# Signal Detection Manager Bridge Validation Tool

<u>**Background**</u>: 
* The Signal Detection Manager Service provides HTTP endpoints used to query for signal detections:
   
   * Detected by stations within a given time range, and 
   * By their ids 
   
  Signal Detection Manager Servcie uses the Signal Detection bridge component to query for arrivals and 
  associated information from an Oracle database, translate that data from the legacy CSS data model to the
  GMS processing signal detection COI, and returns JSON formatted results to the user. 
  

<u>**What this tool does**</u>: 
* Validates that data acquired via the Signal Detection Manager Service matches the expected results from the 
  database tables

<u>**Important Notes**</u>: 
* REMEMBER to generalize the dbinfo variable with database information before committing or sending externally;
  REMOVE password and db specific information. Efforts will be made in next version to transition to use an 
  Oracle wallet so this step will no longer be necessary. 

<u>**Currently the Signal Detection Manager has one OSD endpoint available**</u>:
* Retrieve signal detections and their associated channel segments by a list of stations, time range, stage, and   excluding all signal detections having any of the provided signal detection ids. 
    
<u>**Objects available for retrieval from Signal Detection Manager Service**</u>:

* **Signal Detections with channel segment object**
   * stations-timerange endpoint: 
     * Using a list of stations, time range, stage Id, and excluded signal detections flag returns a signal 
       detections with channel segment object that combines signal detectiosn and their associated channel 
       segments 

<u>**Known issues**:</u> All known issues will attempt to be addressed PI17
   * SNR for the ARRIVAL_TIME feature measurement is not being properly populated in the COI. It's returning as 
     None when values exist in the database
   * DELTIM for the ARRIVAL_TIME feature measurement is being trimmed to 3 decimal characters when more 
     precision exists in the database
   * The service is not always able to retrieve channel segments for every arrival. Currently, this notebook
     does not attempt to validate channel segment objects due to this issue. Once the service is returning
     channel segments deterministically for every arrival the notebook will be updated to validate them. 
     This issue is addressed by Critical fix CR 29878, but it will not make it into the PI16 release
   * DELSLO for the SLOWNESS feature measurement is not being properly populated in the COI (standard deviation 
     in the COI for SLOWNESS FM).
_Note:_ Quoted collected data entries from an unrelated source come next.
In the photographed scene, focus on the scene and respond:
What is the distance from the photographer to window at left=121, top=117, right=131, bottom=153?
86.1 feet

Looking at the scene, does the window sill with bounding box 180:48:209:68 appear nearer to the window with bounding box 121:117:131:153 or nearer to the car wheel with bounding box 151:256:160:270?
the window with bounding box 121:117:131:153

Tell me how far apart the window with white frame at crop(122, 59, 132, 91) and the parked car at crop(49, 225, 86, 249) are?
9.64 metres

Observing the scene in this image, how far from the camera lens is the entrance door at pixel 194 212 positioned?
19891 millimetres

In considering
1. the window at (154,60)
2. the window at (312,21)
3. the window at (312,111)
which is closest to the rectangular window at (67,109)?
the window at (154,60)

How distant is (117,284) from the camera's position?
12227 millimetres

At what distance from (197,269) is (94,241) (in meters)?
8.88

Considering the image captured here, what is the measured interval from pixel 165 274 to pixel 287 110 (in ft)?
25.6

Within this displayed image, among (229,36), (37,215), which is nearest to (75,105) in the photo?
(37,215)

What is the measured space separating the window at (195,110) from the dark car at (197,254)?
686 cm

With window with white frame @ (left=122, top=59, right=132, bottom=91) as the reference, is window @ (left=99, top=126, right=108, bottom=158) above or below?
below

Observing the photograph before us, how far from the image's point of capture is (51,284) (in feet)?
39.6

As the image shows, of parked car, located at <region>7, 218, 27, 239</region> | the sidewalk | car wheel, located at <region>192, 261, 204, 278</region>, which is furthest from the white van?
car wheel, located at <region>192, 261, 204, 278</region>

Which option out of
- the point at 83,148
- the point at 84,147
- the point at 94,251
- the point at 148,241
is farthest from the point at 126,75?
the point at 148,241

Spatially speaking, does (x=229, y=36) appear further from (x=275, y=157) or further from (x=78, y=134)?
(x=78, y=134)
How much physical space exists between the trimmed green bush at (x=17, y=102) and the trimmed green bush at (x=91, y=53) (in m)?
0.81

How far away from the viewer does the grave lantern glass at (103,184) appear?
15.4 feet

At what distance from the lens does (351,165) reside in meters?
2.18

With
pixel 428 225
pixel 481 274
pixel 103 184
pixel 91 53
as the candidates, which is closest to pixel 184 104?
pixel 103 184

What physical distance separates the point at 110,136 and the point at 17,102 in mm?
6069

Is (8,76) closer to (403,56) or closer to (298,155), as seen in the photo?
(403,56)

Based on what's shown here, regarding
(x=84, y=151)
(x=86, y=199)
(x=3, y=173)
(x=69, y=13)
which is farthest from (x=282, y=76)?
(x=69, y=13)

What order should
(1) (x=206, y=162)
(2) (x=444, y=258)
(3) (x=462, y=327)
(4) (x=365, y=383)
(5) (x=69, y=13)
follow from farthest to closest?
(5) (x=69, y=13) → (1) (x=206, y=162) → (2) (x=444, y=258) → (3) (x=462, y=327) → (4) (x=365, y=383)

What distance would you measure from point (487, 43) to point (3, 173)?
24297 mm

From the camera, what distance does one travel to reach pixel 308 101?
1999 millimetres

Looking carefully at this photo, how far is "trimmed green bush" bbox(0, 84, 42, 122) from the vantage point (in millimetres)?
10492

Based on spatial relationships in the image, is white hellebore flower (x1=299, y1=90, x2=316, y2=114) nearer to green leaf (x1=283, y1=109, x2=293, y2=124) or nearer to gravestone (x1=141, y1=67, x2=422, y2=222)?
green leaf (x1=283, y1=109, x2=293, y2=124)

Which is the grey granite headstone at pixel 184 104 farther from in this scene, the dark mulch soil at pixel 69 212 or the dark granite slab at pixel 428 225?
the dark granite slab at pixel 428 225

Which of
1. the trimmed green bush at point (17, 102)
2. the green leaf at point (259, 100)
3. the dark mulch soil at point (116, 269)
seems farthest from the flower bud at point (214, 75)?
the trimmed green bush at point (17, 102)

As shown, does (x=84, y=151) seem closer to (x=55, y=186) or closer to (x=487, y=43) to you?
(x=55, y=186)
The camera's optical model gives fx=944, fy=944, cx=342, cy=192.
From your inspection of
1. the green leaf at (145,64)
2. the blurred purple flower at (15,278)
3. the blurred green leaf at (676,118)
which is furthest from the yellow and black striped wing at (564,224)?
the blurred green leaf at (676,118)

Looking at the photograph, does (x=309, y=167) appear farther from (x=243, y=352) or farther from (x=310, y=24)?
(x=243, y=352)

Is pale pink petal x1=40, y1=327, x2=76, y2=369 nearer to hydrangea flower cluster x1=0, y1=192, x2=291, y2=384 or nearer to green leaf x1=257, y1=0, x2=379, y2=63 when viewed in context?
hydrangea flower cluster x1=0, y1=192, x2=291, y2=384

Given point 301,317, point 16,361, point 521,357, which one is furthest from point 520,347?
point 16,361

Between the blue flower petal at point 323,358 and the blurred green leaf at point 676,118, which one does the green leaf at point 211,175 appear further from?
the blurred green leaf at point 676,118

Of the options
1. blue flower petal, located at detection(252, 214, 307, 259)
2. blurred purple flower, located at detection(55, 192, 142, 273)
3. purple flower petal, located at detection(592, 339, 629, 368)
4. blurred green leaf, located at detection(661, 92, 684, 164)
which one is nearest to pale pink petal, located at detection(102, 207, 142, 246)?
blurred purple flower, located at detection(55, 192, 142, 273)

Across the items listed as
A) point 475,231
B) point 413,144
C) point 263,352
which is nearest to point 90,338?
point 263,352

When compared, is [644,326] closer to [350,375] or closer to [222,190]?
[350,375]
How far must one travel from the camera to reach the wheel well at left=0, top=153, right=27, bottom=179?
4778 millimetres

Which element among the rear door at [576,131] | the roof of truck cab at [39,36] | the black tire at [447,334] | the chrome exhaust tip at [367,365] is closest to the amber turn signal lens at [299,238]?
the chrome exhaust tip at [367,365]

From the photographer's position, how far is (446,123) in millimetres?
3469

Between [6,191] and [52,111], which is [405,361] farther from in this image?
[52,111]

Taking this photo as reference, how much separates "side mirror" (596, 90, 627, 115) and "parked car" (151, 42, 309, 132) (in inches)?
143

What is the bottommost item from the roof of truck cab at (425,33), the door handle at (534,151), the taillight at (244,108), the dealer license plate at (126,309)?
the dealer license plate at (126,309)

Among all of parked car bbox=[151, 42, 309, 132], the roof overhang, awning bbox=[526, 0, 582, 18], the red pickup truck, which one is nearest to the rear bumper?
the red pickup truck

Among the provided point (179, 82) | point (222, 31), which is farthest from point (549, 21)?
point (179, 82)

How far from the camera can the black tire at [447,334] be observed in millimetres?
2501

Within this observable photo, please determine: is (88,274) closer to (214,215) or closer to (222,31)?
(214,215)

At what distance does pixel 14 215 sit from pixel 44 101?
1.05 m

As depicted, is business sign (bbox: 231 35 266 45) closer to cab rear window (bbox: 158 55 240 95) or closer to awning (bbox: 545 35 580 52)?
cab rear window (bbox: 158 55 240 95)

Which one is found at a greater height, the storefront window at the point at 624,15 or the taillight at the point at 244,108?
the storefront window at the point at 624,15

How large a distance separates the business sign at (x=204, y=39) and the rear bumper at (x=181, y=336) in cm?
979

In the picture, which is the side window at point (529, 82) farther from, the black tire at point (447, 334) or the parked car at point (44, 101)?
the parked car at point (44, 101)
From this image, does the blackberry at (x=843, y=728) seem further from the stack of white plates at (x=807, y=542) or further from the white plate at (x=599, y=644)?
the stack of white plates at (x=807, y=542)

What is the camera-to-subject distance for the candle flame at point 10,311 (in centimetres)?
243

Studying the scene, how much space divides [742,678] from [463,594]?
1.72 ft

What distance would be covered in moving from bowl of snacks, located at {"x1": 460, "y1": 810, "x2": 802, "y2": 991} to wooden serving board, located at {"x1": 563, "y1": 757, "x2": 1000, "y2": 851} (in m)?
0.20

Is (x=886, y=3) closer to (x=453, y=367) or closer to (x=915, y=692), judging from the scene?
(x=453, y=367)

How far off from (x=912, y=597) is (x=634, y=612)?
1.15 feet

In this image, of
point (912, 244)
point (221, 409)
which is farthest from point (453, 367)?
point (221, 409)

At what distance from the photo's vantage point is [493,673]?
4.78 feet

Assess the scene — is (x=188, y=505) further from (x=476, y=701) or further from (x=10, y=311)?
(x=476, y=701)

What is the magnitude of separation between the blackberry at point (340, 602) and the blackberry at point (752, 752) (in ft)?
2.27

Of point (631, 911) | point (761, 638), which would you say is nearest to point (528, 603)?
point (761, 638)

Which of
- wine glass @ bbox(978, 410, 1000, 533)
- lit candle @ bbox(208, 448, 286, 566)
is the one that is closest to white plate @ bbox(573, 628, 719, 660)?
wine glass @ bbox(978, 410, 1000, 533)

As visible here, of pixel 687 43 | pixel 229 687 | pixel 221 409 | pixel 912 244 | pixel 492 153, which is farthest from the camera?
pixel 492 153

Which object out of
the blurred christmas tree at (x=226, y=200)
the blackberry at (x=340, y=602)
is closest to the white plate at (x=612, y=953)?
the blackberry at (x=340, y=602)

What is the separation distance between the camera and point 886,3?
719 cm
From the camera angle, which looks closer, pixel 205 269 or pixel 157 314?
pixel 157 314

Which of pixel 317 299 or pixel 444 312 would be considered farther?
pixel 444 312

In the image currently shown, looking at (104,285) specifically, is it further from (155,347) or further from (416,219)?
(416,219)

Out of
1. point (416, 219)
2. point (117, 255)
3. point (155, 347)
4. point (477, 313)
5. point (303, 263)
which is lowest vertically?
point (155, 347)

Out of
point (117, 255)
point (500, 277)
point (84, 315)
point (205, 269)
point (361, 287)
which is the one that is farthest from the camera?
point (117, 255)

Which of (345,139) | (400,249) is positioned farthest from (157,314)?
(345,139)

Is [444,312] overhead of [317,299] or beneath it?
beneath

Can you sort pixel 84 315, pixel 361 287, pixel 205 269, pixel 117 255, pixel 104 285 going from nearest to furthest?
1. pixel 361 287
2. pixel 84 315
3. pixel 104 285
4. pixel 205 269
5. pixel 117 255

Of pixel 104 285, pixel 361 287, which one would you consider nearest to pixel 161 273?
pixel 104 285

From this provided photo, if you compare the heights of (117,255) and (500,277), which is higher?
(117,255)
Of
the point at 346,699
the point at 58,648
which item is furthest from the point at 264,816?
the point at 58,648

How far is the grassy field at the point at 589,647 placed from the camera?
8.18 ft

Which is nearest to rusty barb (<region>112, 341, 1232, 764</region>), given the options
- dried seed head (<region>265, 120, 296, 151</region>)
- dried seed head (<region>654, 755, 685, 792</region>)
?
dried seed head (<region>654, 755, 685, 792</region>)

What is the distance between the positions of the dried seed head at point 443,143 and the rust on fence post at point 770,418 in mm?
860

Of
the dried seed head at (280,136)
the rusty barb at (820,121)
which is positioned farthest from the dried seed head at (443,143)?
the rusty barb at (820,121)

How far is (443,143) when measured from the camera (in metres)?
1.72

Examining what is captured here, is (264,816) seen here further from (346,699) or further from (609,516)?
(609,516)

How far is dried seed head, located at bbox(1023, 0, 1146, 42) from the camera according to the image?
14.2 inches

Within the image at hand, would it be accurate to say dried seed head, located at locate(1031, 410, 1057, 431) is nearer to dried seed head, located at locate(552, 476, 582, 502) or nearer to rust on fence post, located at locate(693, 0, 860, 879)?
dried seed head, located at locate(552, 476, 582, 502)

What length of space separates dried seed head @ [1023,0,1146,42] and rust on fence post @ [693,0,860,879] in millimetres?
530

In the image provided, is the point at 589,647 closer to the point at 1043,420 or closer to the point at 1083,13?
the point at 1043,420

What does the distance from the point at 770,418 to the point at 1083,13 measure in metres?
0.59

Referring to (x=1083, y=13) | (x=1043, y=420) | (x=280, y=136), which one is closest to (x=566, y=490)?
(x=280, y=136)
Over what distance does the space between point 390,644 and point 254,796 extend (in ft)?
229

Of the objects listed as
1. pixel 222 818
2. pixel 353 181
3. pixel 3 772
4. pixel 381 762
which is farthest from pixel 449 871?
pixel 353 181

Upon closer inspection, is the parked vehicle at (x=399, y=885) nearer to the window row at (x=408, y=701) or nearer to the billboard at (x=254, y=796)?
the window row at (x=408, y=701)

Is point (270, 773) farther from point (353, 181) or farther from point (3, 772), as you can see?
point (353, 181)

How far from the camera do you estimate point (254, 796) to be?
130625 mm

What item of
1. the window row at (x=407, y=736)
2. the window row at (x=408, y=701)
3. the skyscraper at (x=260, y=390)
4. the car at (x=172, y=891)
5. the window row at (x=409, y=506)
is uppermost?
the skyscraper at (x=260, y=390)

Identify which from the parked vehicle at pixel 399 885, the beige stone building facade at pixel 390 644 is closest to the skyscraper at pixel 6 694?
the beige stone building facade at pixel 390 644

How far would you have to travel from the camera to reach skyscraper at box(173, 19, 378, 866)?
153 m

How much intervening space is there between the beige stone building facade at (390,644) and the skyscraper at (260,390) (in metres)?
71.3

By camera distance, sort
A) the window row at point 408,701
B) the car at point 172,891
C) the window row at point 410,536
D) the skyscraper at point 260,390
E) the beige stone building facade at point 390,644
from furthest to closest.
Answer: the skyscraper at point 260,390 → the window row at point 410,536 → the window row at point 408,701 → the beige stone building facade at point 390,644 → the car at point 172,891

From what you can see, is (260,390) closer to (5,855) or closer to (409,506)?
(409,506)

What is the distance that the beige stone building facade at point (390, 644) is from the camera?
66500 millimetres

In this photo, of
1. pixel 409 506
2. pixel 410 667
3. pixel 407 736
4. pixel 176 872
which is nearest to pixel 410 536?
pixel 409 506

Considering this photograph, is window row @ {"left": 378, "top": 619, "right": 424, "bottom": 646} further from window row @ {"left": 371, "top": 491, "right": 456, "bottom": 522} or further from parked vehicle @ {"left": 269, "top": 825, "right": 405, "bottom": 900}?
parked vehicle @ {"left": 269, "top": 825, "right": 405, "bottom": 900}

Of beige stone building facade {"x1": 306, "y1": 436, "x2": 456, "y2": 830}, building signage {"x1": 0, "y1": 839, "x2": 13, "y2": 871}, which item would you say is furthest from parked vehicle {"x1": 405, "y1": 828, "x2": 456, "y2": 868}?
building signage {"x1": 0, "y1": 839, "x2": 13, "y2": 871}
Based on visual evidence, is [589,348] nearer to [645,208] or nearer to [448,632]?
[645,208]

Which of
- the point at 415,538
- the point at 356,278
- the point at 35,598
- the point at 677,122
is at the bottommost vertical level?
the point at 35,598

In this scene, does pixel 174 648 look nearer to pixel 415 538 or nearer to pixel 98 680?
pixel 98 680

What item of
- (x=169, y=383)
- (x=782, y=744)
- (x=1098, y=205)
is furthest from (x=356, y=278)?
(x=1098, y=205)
It's returning as None when values exist in the database
   * Signal Detection ID is an object reference, however it should be a UUID. Similarly, parent signal detection
     hypothesis is an id not an object reference (will be fixed with CR 29600)
   

## Imports and Setup Parameters ##

In [4]:
# Note, need cx_oracle installed for sqlalchemy
from sqlalchemy import create_engine, MetaData
from sqlalchemy.ext.declarative import declarative_base
from sqlalchemy.sql import text
import pisces.schema.css3 as css
import cx_Oracle
import json 
import requests
from datetime import datetime, timezone, timedelta
import pprint 

# Initialize cx_Oracle client if it can find lib dir. Uncomment if receive error that cx_Oracle can't find the 
# lib directory
# As far as I know this has to be done if your Oracle lib isn't in the place cx_Oracle expects, 
# so this path will need to be changed to wherever your local lib path lives. 
# Only needs to be executed once, then needs to be commented out 
# cx_Oracle.init_oracle_client(lib_dir="/Applications/oracle/product/instantclient_64/19.8/lib")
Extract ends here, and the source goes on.